Qualche chiarimento. Anzitutto, quando Gesù raccontava le parabole prendeva lo spunto dalla vita reale, senza entrare nel merito delle questioni sociali dei suoi tempi. Quindi, togliamoci dalla testa l’idea che Gesù, narrando la parabola di oggi, giustificasse la schiavitù, e togliamoci l’idea che Gesù volesse definire il volto di Dio nel volto del padre-padrone. Dobbiamo perciò cogliere anche in questa parabola l’insegnamento vero di Gesù, che è di estrema importanza, al di là dell’immagine del servo/schiavo che deve sgobbare tutto il giorno per obbedire agli ordini del suo padrone, magari prepotente ed esigente oltre il limite di ogni rispetto umano.
Prima di chiarire il senso evangelico della parola “servo”, c’è da chiarire un’altra parola che, tradotta come è stata tradotta, ancora oggi appare dura da digerire, ed è l’aggettivo “inutili”. Il termine greco ha “akrèioi” (ἀχρεῖοί), che, come per ogni parola greca, può avere diversi significati, tra cui “poveri”. Perciò, potremmo così tradurre: siamo poveri servi, “siamo semplicemente servi”. Non si può parlare, dunque, di servi “inutili”, dal momento che avevano lavorato, avevano fatto tutto ciò che era stato loro richiesto! Non è che facendo perfettamente il nostro dovere diventiamo chissà chi. Siamo sempre esseri umani, con tutti i nostri limiti, in tutta la nostra precarietà.
Spieghiamo ora il senso della parola “servo” e della parola “dovere”. Gesù l’ha spiegato quella volta in cui ha lavato i piedi ai suoi discepoli. Lui il Maestro! Lui il Signore! L’essere a servizio non è solo degli inferiori, anzi lo è di più quando si ha una carica, una responsabilità, un potere. Ma non si è schiavi di nessuno, nemmeno di Dio, il quale invece ci vuole figli liberi.

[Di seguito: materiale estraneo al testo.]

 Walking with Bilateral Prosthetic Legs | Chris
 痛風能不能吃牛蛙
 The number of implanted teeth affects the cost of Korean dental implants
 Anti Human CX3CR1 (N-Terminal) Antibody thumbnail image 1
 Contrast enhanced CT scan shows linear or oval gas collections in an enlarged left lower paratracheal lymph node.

Obbedienti sì, ma in quanto servitori della libertà dello Spirito, e non di una autorità di potere. Gesù ha cambiato la gerarchia del servizio, che inizia dall’alto, e non dal basso. Bisogna cambiare il concetto di obbedienza. Presto obbedienza a uno, ma sapendo che costui, più grande di me, ha il dovere di servire più di me: diversamente, nel caso in cui il potere comanda e basta, non sono obbligato a obbedirgli.

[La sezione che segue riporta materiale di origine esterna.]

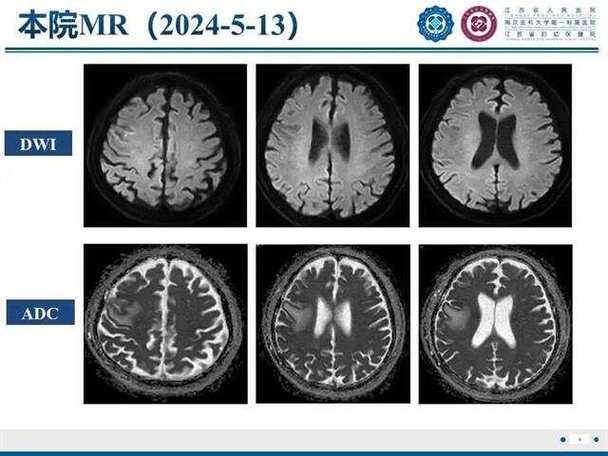 脑梗做Mri dwi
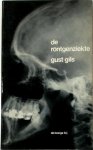 Gust Gils 10522 - De röntgenziekte Paraproza II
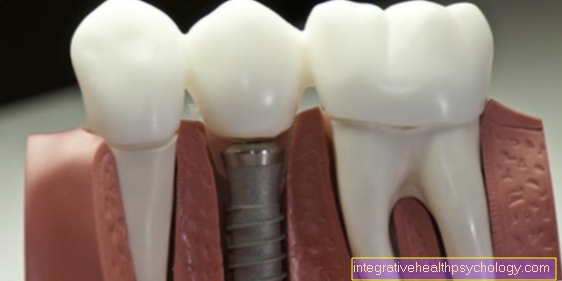 The dental implant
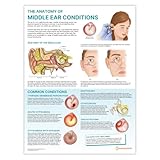 Poster "The Anatomy of Middle Ear Conditions", 45 x 60 cm, HNO-Lernwerkzeug, anatomisches Wanddiagramm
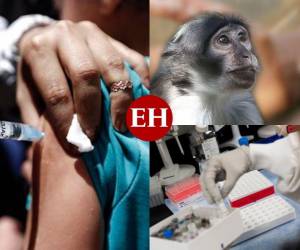 Los contagios de la viruela del mono han sido “más altos de lo esperado”, según reportes de autoridades sanitarias a nivel mundial. Hasta el momento la Organización Mundial de la Salud (OMS) contabiliza más de 80 casos y se encuentra presente en al menos 12 países.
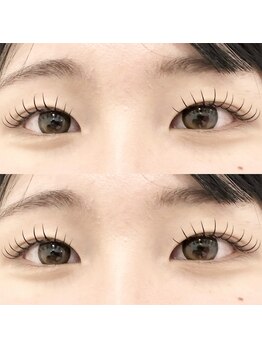バニーアイズ 天神(Bunny eyes TENJIN)/フラット120本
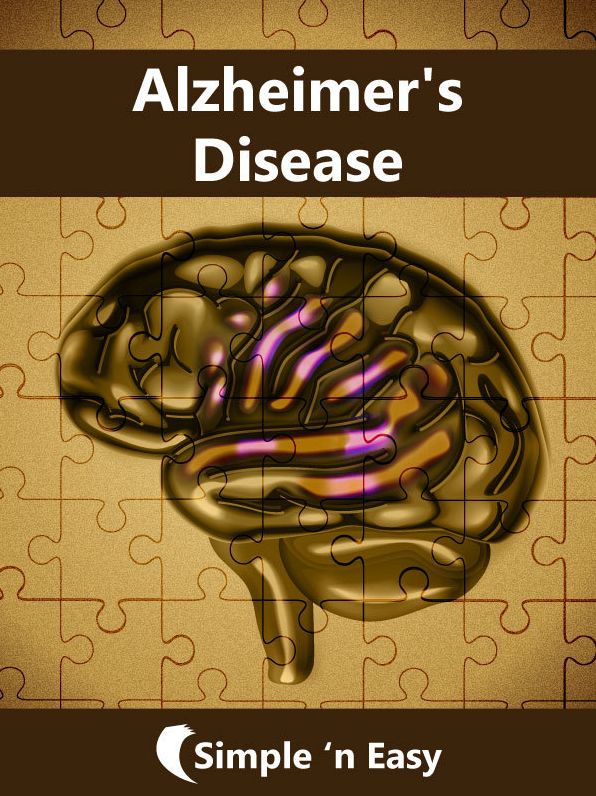 Alzheimer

Dovere anzitutto dell’essere
Infine, un chiarimento sulla parola “dovere”. Il dovere è ciò che è relativo all’essere interiore, il quale è relativo al Bene assoluto. In altre parole, il proprio dovere consiste nell’essere se stessi, ovvero nel realizzare ciò che proviene dallo spirito interiore, senza farci condizionare dalle cose o da poteri terreni che ci comandano a bacchetta. Certo, ci sono cose che si è costretti a fare, per tutta una serie di circostanze che non sto qui a elencare. Ma questo non fa parte della nostra crescita, in libertà. È anche questione di scelta. Spesso tocca a noi scegliere tra un dovere e un altro. E il dovere da scegliere è ciò che ci rende più liberi. La libertà, dunque, è un dovere, e lo è anche per Dio, il quale addirittura sceglie unicamente il Bene. In Dio non c’è libertà di scelta, e neppure per noi quando ci troviamo di fronte al Bene.